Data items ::
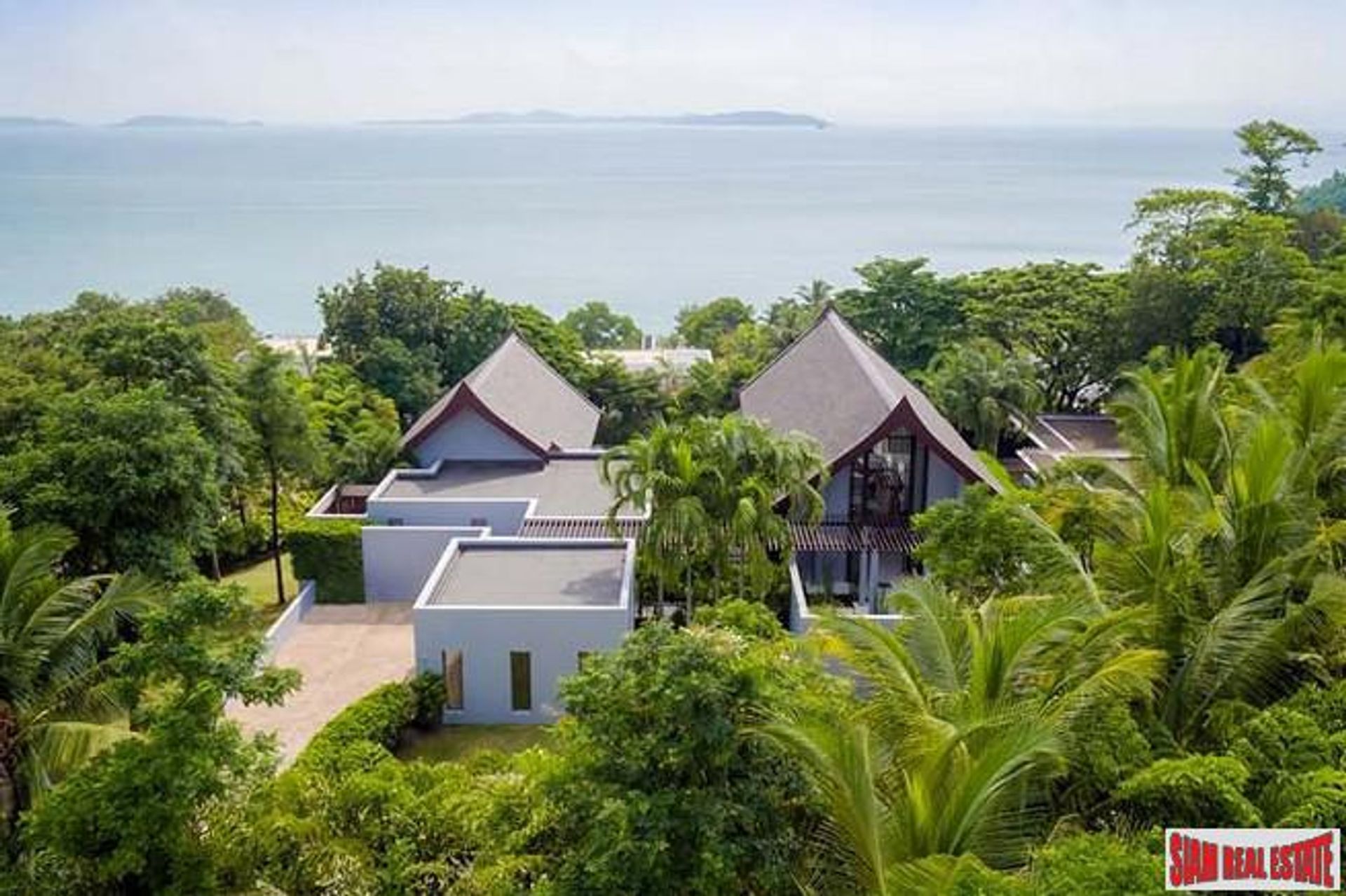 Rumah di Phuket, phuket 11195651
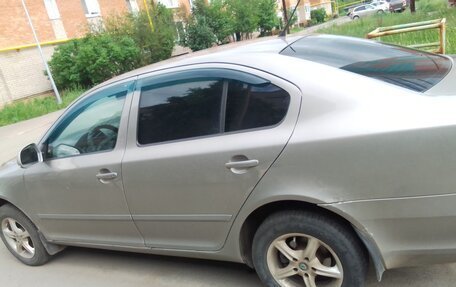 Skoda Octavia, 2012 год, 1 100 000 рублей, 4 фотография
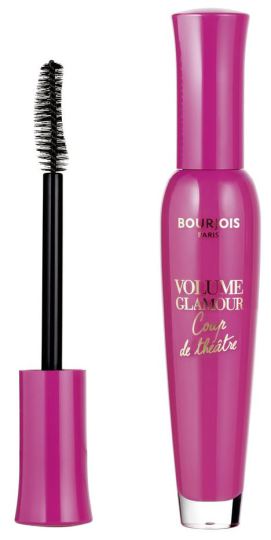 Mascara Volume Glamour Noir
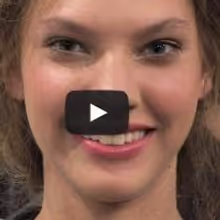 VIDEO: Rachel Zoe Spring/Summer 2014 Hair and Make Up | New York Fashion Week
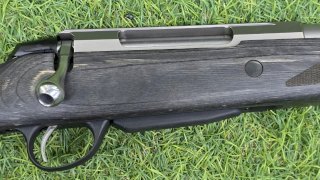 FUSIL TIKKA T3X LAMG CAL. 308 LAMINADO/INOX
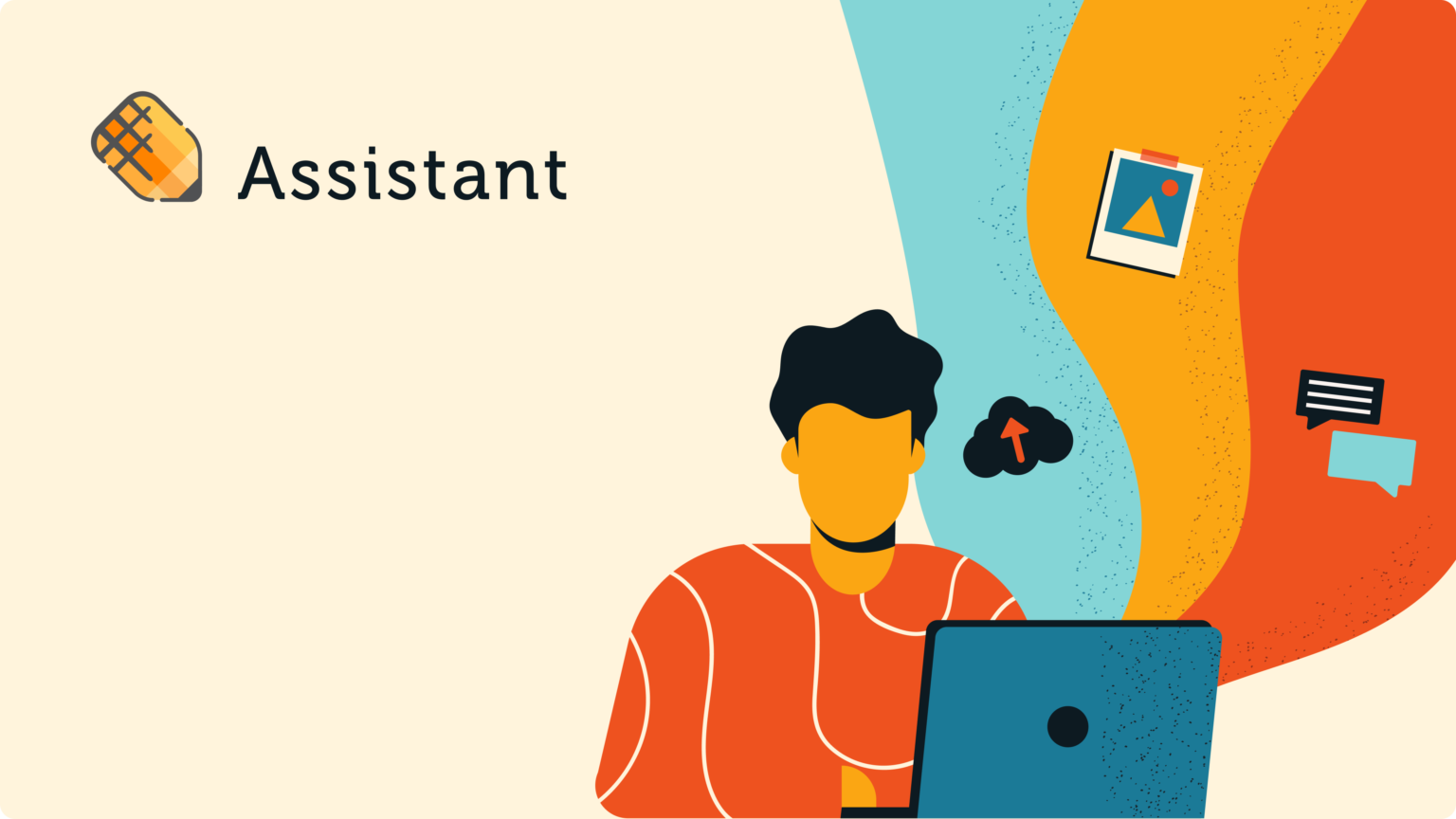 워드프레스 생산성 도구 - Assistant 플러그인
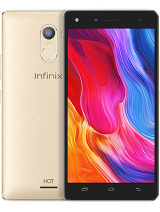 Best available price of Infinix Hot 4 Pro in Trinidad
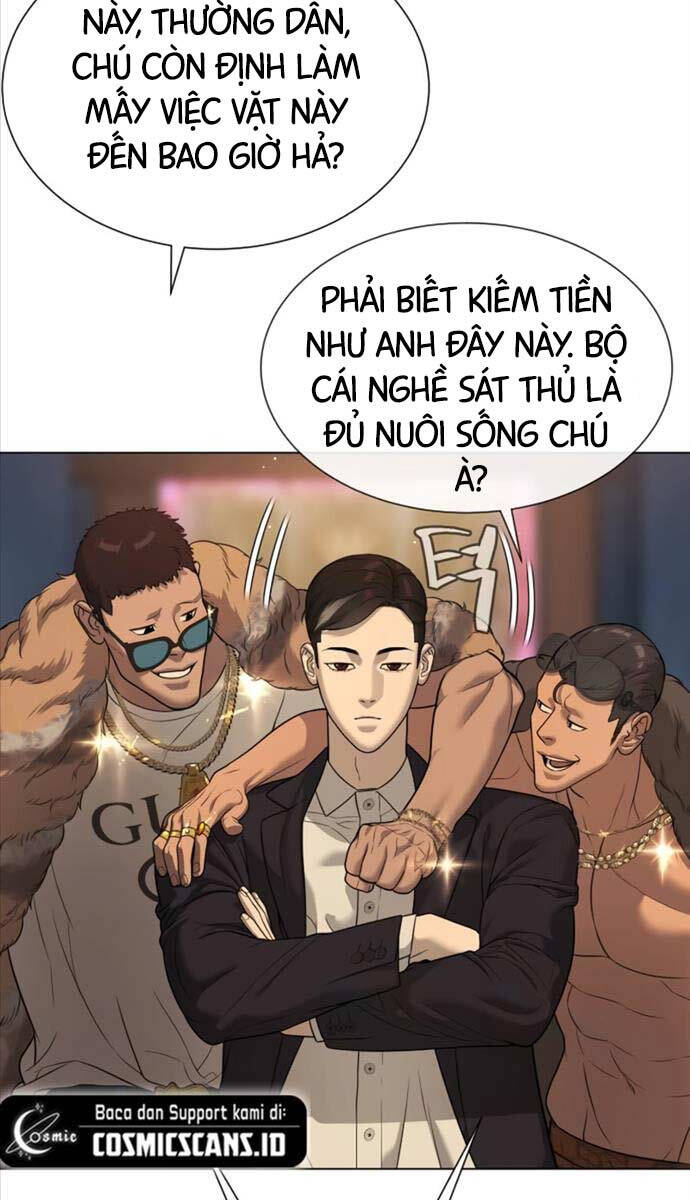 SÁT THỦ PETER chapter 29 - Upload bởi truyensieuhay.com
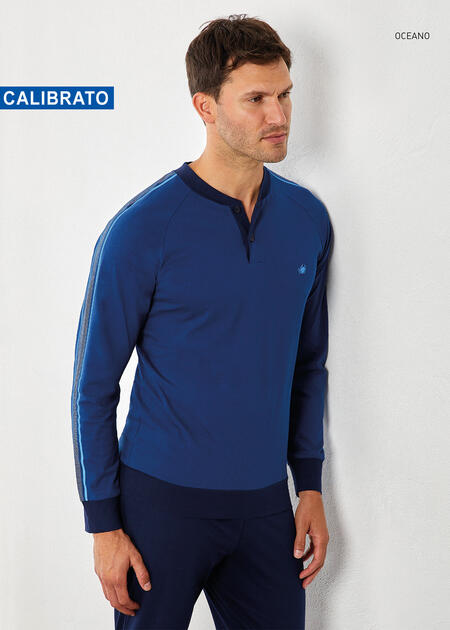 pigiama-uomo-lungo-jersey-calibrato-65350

Assignment ::
Every entry above needs to be duplicated exactly, without its images.

Answer to this exercise ::
 Rumah di Phuket, phuket 11195651
 Skoda Octavia, 2012 год, 1 100 000 рублей, 4 фотография
 Mascara Volume Glamour Noir
 VIDEO: Rachel Zoe Spring/Summer 2014 Hair and Make Up | New York Fashion Week
 FUSIL TIKKA T3X LAMG CAL. 308 LAMINADO/INOX
 워드프레스 생산성 도구 - Assistant 플러그인
 Best available price of Infinix Hot 4 Pro in Trinidad
 SÁT THỦ PETER chapter 29 - Upload bởi truyensieuhay.com
 pigiama-uomo-lungo-jersey-calibrato-65350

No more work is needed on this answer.